Looking at the two histograms above of the same scene you can see that underxposing by two stops has moved the histogram to the right and we no longer have many midtones. The picture on the right has a more balanced exposure, the histogram is more even and the image brighter. Although we may be clipping some highlights.


The opposite happens when we increase our exposure.


The zones get pushed to the left and everyting gets lighter. Our chairs have turned grey when they are really black and the sky is now burnt out with no detail.

Optimising Exposure

An important concept is the notion of midtones. Every type of metering trys to turn your subject into a midtone (zone 5). Without getting into all of the techincal detail basically, most objects in a scene reflect light back at around 18%, half way between black (zone 0) and white (zone 10).

Meters measure how light or dark a subject is and then compensate or bias an exposure towards zone 5. pushing our zones to the left or to the right, zeroing out our exposure!

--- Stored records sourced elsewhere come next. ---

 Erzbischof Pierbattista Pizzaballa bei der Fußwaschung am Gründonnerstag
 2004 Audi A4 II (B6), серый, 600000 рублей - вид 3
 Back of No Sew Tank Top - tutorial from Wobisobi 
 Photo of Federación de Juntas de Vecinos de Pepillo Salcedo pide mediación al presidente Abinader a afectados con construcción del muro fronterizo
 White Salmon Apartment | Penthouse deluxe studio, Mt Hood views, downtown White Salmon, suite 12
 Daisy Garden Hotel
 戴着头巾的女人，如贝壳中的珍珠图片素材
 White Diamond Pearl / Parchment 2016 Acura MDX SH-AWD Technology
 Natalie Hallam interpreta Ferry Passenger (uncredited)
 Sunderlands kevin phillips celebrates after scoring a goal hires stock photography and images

Practically, if a scene or subject reflects less light or is very dark, the meter will try to brighten the subject. If the scene or subject is very bright or light, the meter will try to darken the subject.


This is how sometimes our meters are fooled into providing an exposure that is perhaps not right for the subject. There is one exception to this and that is when we use an incident light-meter. Incident light-meters measure the light falling on a subject and not the reflective qualities of the subject. These meters are usually hand-held.

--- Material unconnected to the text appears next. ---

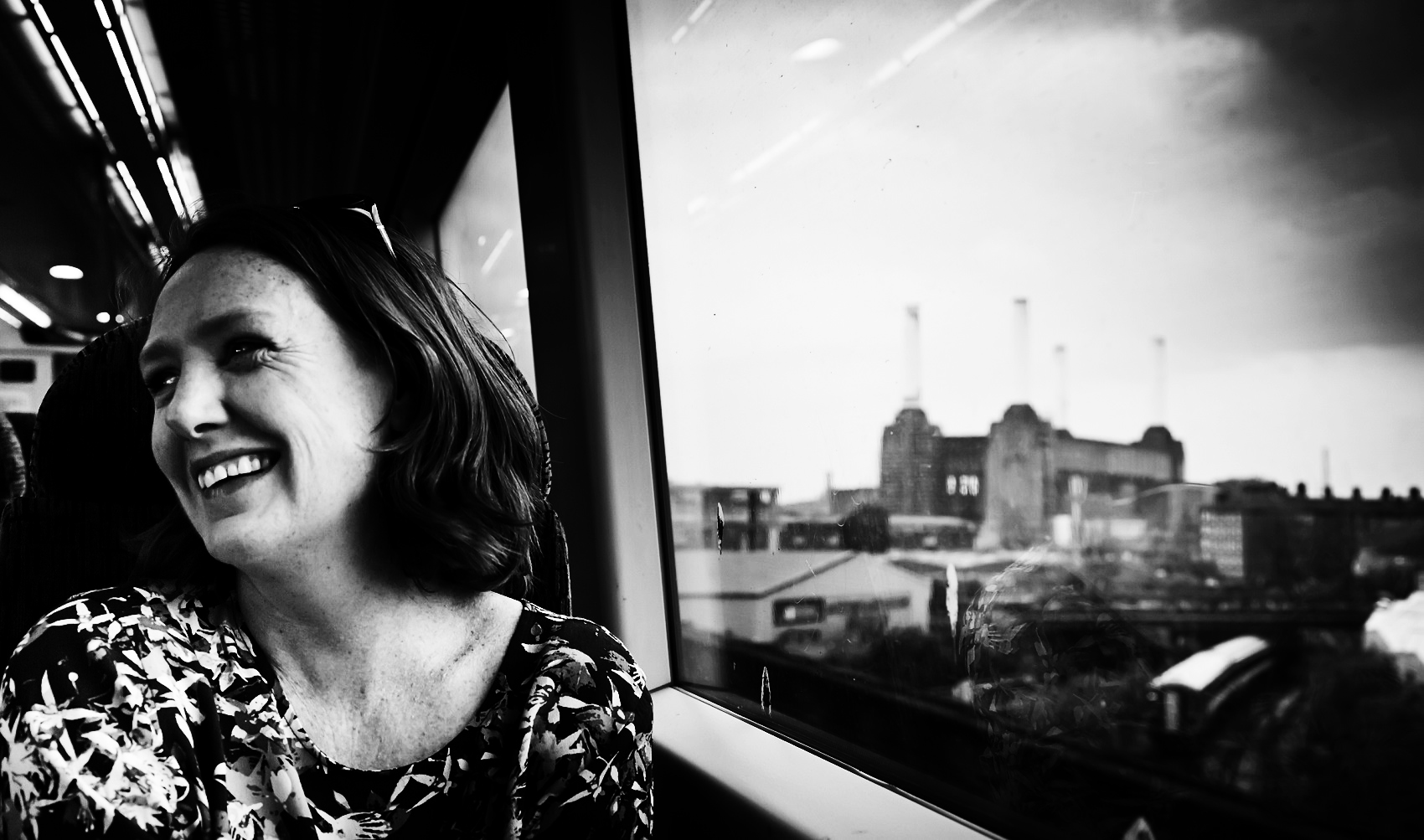 Citazioni di Paula Hawkins: “Mi sfugge ciò che vorrei trattenere…”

The question is; when using your camera’s meter, how can you visualise this, how do you optimise your exposure for the scene you are shooting and do you use evaluative (matrix), centre weighted or spot metering?

Matrix or evaluative metering, sometimes also called multi-zone metering divides the scene into a number of zones and tries to come up with an optimum expsoure. Providing that the proportion of highlight, shadow and midtones are roughly the same and the lighting fairly even and not to contrasty, this type of metering will do a good job.201903-matrix-zone-metering2

This is the type of metering most people rely on. In this shot though, the top third of the scene is where the main highlights are and the rest of the scene has midtones or darker tones, this has caused the evaluative metering to bias the exposure and brighten the image.

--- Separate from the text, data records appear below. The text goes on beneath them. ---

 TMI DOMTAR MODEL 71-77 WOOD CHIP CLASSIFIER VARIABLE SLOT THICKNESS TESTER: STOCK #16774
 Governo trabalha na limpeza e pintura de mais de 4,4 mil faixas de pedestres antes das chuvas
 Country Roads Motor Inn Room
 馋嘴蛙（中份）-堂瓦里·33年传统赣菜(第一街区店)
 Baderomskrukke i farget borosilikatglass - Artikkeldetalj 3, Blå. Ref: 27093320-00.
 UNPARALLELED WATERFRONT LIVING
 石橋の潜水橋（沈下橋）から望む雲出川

201903-matrix mtering-exposure-bias

As you can see, the sky has little detail and the histogram shows the bright areas of the sky pushed to the right side of the histogram.

Look at the same shot again using manual exposure settings and spot metering.


This exposure is more balanced. I have used two spot meter readings and averaged them out to pin my highlight and shadow details to the zones I want them to fall in.


Because I was thinking in terms of tones and metering my scene to  see where the important highlights and shadows fell, I was able to have full control over setting the optimum exposure.

Also, I could tell that my highlights and shadows fell within the dynamic range of my camera. Which means that all the tones between the highest highlight and deepest shadow will also be correctly exposed.


I have pinned my exposure and know with confidence that my exposure is optimised for the image. Your camera’s built in spot meter can do some of this but the best way to assess the scene in front of you and the most accurate way to set exposure is still with a hand-held lightmeter.

Of course, if the contrast range of the subject is outside of the dynamic range of your camera, then you will always lose some highlight or shadow detail or maybe both.

In summary

  • Learn to assess your subject matter in terms of tones and tonal range
  • Identify important highlight and shadow areas
  • Measure the number of stops between the two and set your exposure accordingly
  •  Make more use of your camera’s spot metering capbability
  •  And finally, if you are serious about your photogrpahy consider geting a hand-held light meter.

I personally use a Sekonic handheld spot meter as it allows me to take multiple readings and average them out.